• [Task goal]:
All of the data that follows needs to be printed again, exactly as it reads.

==================================================

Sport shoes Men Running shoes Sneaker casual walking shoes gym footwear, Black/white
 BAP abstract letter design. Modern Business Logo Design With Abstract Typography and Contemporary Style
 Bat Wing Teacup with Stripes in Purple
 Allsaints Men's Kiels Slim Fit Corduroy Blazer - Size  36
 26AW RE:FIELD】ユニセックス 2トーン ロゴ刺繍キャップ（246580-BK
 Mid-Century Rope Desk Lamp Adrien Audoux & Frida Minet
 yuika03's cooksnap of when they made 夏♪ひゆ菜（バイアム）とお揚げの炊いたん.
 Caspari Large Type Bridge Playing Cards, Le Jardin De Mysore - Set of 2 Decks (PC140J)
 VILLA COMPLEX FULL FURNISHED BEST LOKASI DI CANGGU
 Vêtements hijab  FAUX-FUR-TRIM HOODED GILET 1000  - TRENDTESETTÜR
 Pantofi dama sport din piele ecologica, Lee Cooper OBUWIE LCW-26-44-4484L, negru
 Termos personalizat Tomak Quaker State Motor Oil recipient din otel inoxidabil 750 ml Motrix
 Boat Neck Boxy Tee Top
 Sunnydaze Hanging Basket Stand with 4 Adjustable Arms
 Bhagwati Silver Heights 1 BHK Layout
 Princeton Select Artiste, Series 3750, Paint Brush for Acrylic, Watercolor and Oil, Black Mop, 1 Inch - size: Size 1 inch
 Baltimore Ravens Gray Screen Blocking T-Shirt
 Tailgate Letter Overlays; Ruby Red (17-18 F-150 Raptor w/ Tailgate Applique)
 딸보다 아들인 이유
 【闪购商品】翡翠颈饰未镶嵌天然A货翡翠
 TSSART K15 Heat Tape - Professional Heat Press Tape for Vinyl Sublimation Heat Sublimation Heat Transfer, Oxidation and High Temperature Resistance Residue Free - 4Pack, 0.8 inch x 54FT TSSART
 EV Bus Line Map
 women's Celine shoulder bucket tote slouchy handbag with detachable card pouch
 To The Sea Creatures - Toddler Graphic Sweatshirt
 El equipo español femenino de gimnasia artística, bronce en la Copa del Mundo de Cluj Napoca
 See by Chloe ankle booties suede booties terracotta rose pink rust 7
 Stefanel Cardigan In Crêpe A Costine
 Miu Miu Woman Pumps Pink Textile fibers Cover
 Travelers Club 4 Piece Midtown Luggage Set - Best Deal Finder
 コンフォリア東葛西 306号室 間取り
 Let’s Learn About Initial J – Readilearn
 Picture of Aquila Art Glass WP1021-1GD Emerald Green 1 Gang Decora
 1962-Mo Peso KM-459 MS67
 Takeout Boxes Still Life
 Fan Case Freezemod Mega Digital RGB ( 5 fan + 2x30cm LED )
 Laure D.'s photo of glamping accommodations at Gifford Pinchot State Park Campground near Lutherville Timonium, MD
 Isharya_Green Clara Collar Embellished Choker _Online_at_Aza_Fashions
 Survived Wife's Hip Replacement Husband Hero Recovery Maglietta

==================================================

• [Exercise response]:
Sport shoes Men Running shoes Sneaker casual walking shoes gym footwear, Black/white
 BAP abstract letter design. Modern Business Logo Design With Abstract Typography and Contemporary Style
 Bat Wing Teacup with Stripes in Purple
 Allsaints Men's Kiels Slim Fit Corduroy Blazer - Size  36
 26AW RE:FIELD】ユニセックス 2トーン ロゴ刺繍キャップ（246580-BK
 Mid-Century Rope Desk Lamp Adrien Audoux & Frida Minet
 yuika03's cooksnap of when they made 夏♪ひゆ菜（バイアム）とお揚げの炊いたん.
 Caspari Large Type Bridge Playing Cards, Le Jardin De Mysore - Set of 2 Decks (PC140J)
 VILLA COMPLEX FULL FURNISHED BEST LOKASI DI CANGGU
 Vêtements hijab  FAUX-FUR-TRIM HOODED GILET 1000  - TRENDTESETTÜR
 Pantofi dama sport din piele ecologica, Lee Cooper OBUWIE LCW-26-44-4484L, negru
 Termos personalizat Tomak Quaker State Motor Oil recipient din otel inoxidabil 750 ml Motrix
 Boat Neck Boxy Tee Top
 Sunnydaze Hanging Basket Stand with 4 Adjustable Arms
 Bhagwati Silver Heights 1 BHK Layout
 Princeton Select Artiste, Series 3750, Paint Brush for Acrylic, Watercolor and Oil, Black Mop, 1 Inch - size: Size 1 inch
 Baltimore Ravens Gray Screen Blocking T-Shirt
 Tailgate Letter Overlays; Ruby Red (17-18 F-150 Raptor w/ Tailgate Applique)
 딸보다 아들인 이유
 【闪购商品】翡翠颈饰未镶嵌天然A货翡翠
 TSSART K15 Heat Tape - Professional Heat Press Tape for Vinyl Sublimation Heat Sublimation Heat Transfer, Oxidation and High Temperature Resistance Residue Free - 4Pack, 0.8 inch x 54FT TSSART
 EV Bus Line Map
 women's Celine shoulder bucket tote slouchy handbag with detachable card pouch
 To The Sea Creatures - Toddler Graphic Sweatshirt
 El equipo español femenino de gimnasia artística, bronce en la Copa del Mundo de Cluj Napoca
 See by Chloe ankle booties suede booties terracotta rose pink rust 7
 Stefanel Cardigan In Crêpe A Costine
 Miu Miu Woman Pumps Pink Textile fibers Cover
 Travelers Club 4 Piece Midtown Luggage Set - Best Deal Finder
 コンフォリア東葛西 306号室 間取り
 Let’s Learn About Initial J – Readilearn
 Picture of Aquila Art Glass WP1021-1GD Emerald Green 1 Gang Decora
 1962-Mo Peso KM-459 MS67
 Takeout Boxes Still Life
 Fan Case Freezemod Mega Digital RGB ( 5 fan + 2x30cm LED )
 Laure D.'s photo of glamping accommodations at Gifford Pinchot State Park Campground near Lutherville Timonium, MD
 Isharya_Green Clara Collar Embellished Choker _Online_at_Aza_Fashions
 Survived Wife's Hip Replacement Husband Hero Recovery Maglietta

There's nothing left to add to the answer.